# golf! What a great game!



## p051981 (Jul 14, 2010)

I played an actual game last weekend and I had a blast! It was 9 holes at a public course here in Houston, Tx. I've been at the driving range a few time and thought I was ready for the real thing. Little did I know, I realize this game needs alot of practice. Just because you can hit 250 yards at the drivivg range, doesn't make you a true golfer. Golf is very challenging and I love it. Growing up I thought golf was boring and for old folks. What I realize is golf takes alot of skills to master it. I'll probably practice some more and try it again another day.

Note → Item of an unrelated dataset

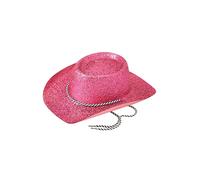 Glitter Pink Cowboy Hat, 1 Pc. - Chic Design, Perfect Accessory for Festivals, Costume Parties, World Book Day, Themed Events, & More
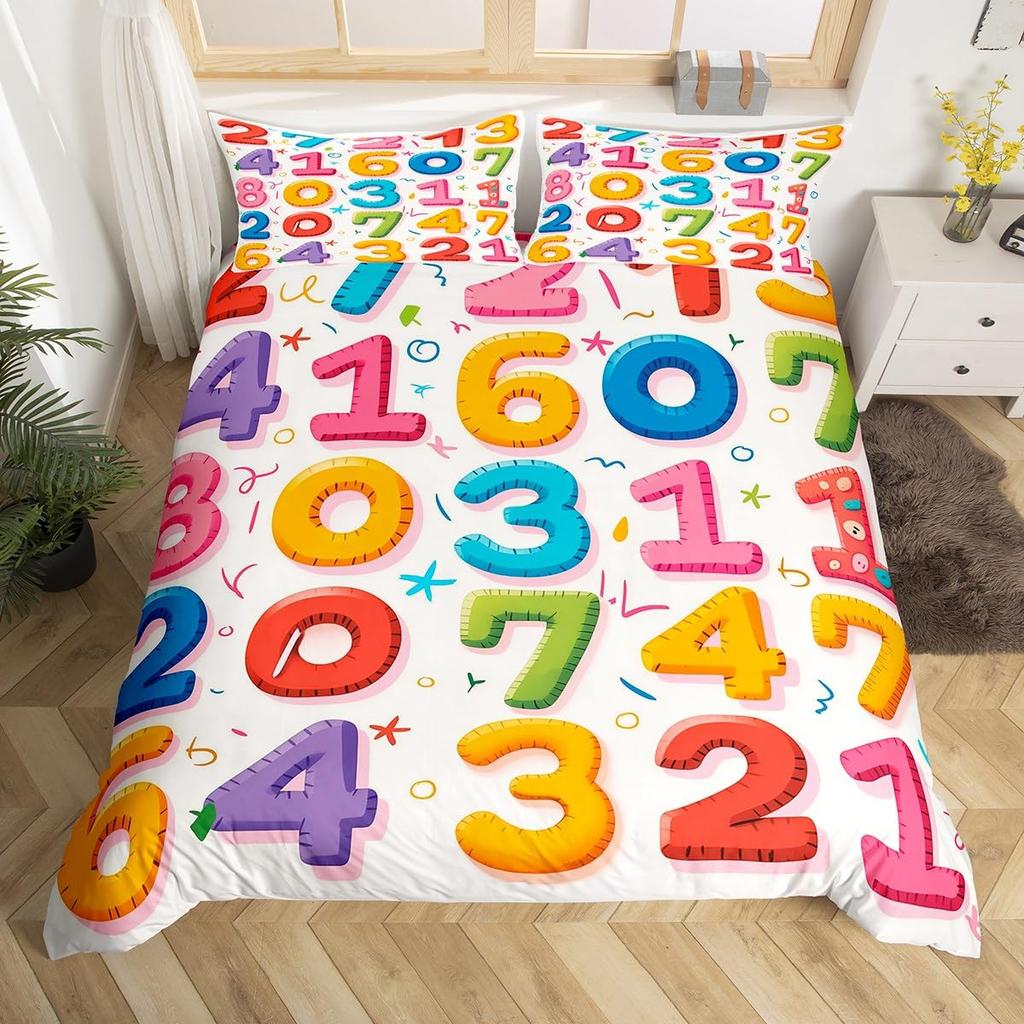 Comforter Blue Alphabet Space Spaceship Single Queen Size Cartoon Bedding Set For Boys Kids Outer Space Black Comforter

Anyone got any exciting first time golfing stories! Please share!


----------



## Surtees (Sep 11, 2007)

Welcome to the site. There is a saying drive for show putt for dough! I wouldn't give up going to the course just yet learn at the driving range is a good thing but you will learn more on the course, learning to manage your shots on the course is a very big part of golf. 
For example if you are playing a dog leg hole that turns at say 150 from the tee box. At the tee is where you have to choose now do I 
A. Hit over the trees to try and shorten the hole and get a better score but risk hitting a tree and getting stuck in the rough. This is high risk but could end in a birdie or even eagle.
or 
B. Hit a short tee shot on to the fairway roughly where the hole turns and then have a longer second shoot. This has less risk but might mean par and not a birdie.

So playing the course is a good thing you can learn how to play to suit you and keep your score low. Happy golfing


----------



## FrogsHair (Mar 4, 2010)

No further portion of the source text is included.